All week long we are taking a look back at the year in film. Yesterday’s discussion of cinematic trends can be found here.
Q: Going into a new year, we all have the films we are eagerly anticipating, but when we look back twelve months later it’s often the surprises that stick with us, the films we knew nothing about or didn’t expect much from that end up making the biggest impact. What film(s) snuck up on you this year, be they works by first-time directors or someone you wrote off long ago, that you will cherish in the years to come?
Sue Lonac: Anna Rose Holmer’s narrative directorial debut The Fits came out of nowhere this summer and still has me thinking.
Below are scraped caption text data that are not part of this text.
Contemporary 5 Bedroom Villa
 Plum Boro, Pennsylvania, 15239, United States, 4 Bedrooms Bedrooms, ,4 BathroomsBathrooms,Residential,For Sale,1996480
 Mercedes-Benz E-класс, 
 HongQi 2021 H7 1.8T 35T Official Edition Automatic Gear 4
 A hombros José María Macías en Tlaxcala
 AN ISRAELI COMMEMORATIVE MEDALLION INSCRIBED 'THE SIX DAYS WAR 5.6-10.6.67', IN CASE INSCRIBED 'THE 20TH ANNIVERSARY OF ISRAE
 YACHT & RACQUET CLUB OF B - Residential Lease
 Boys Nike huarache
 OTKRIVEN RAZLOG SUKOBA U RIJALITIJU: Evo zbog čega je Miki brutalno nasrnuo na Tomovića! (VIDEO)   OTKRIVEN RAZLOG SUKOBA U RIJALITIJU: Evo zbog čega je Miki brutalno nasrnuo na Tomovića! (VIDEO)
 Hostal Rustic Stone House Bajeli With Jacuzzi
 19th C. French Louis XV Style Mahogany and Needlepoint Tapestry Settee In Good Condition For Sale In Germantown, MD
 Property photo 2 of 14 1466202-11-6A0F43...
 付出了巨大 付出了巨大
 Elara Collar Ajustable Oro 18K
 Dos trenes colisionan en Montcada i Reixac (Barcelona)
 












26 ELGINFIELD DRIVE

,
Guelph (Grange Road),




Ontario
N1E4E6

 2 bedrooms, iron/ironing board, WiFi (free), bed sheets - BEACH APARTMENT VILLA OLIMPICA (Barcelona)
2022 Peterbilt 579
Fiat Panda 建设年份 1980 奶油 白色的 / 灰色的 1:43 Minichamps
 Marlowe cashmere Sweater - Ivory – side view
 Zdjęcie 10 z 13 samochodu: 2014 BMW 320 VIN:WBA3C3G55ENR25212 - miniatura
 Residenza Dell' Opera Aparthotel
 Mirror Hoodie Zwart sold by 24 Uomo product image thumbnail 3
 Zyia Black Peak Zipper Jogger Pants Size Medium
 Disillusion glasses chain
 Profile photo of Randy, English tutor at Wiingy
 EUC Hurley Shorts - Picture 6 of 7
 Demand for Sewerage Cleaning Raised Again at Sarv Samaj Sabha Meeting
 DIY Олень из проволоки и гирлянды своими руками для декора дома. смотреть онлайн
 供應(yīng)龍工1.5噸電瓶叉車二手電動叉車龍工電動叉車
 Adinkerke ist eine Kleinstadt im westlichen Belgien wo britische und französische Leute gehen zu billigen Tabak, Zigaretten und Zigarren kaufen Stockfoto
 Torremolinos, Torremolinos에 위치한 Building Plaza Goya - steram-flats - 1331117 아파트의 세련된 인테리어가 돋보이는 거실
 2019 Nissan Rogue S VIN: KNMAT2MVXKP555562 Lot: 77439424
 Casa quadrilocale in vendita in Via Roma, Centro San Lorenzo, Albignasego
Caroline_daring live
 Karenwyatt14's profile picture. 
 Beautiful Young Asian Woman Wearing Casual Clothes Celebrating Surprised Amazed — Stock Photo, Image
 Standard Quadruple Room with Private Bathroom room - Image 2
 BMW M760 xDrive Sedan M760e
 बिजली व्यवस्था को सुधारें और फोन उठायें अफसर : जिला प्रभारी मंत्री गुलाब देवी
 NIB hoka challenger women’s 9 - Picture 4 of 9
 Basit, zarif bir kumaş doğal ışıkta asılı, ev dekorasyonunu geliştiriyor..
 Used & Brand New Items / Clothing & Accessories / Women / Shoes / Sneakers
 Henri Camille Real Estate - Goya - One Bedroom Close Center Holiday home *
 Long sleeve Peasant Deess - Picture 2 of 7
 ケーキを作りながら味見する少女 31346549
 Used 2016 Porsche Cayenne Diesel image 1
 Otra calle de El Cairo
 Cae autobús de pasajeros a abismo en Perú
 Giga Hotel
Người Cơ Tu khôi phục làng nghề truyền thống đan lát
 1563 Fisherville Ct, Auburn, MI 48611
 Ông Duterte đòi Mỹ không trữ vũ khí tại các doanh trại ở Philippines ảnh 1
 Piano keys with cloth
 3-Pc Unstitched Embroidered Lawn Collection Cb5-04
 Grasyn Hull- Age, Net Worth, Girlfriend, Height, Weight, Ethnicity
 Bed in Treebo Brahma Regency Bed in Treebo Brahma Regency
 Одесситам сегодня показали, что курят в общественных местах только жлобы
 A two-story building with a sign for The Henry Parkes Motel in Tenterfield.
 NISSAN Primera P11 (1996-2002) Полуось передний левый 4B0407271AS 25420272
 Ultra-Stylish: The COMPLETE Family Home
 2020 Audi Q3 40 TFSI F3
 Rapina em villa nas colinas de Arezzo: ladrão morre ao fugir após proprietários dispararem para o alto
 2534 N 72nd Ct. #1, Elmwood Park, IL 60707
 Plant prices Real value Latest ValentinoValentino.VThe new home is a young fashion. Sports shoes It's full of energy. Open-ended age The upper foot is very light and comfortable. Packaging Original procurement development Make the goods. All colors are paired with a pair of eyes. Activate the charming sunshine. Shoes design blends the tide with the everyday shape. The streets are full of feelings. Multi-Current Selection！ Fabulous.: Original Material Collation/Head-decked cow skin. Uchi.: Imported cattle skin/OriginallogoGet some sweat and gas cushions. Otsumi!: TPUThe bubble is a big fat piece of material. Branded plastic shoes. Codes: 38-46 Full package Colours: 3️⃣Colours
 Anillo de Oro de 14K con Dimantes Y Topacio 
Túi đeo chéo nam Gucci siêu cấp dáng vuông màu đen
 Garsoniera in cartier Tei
Based loosely on an inexplicable real-life case of teenage mass hysteria, the film is intensely mysterious, meditative, and arresting in its imagery. The POV is that of its tween lead (the letter-perfect Royalty Hightower), so her limitations of understanding are also ours. As a result, the surprises are genuine surprises, arriving quietly and suddenly and at first noticed only out of the corner of the eye. The film also has the most hypnotic closing I can remember seeing in years–a long, trance-like tracking shot supported by utterly haunting music. I still have unresolved (in a good way!) questions about the ending, which asks about the extent to which we can will ourselves into experiences that are either transcendent, or pathological, or both. The film also made me think about what the lives of older girls looked like to me when I was the age of the lead, when I wasn’t yet fully socialized into femininity, with all the limitations, distortions, attractions, abilities, and terrors that becoming feminine involves. Holmer and her lead capture the pure and astonishing power of a not-yet-feminine girl in a way that I had never seen on film before.
Evan Morgan: For those of us who remain willing inmates of the asylum that is film twitter, it’s perhaps increasingly difficult to be surprised by much of anything these days, given the deluge of insta-reactions, backlashes, festival dispatches, and so forth. No 2016 film reaped more attention in that regard than Toni Erdmann. After five months of post-Cannes hype, nothing seemed less poised to deliver surprise than Maren Ade’s singular comedy. And yet when I saw it at VIFF, the film’s precisely calibrated crescendo effect hit with full force, building and building to a cathartic closing sequence that had the audience yawping at the screen and cheering with truly spontaneous joy. That a packed house with a game crowd offers the potential for shared cinematic bliss inaccessible from your couch shouldn’t count as a surprise, but in 2016 it might. The audible love in that room was an offer of thanks to Ade for managing to make the most fundamental pleasure of moviegoing feel new again.
Ryan Swen: Many films were a surprise to me this year, but I’m fairly sure that the only films I saw that were just as a surprise to others as they were to me are Cameraperson, with its near-Sans soleil levels of humanism and empathy, and The Edge of Seventeen, the film I laughed at the hardest, cringed the most during, and yes, related to the most.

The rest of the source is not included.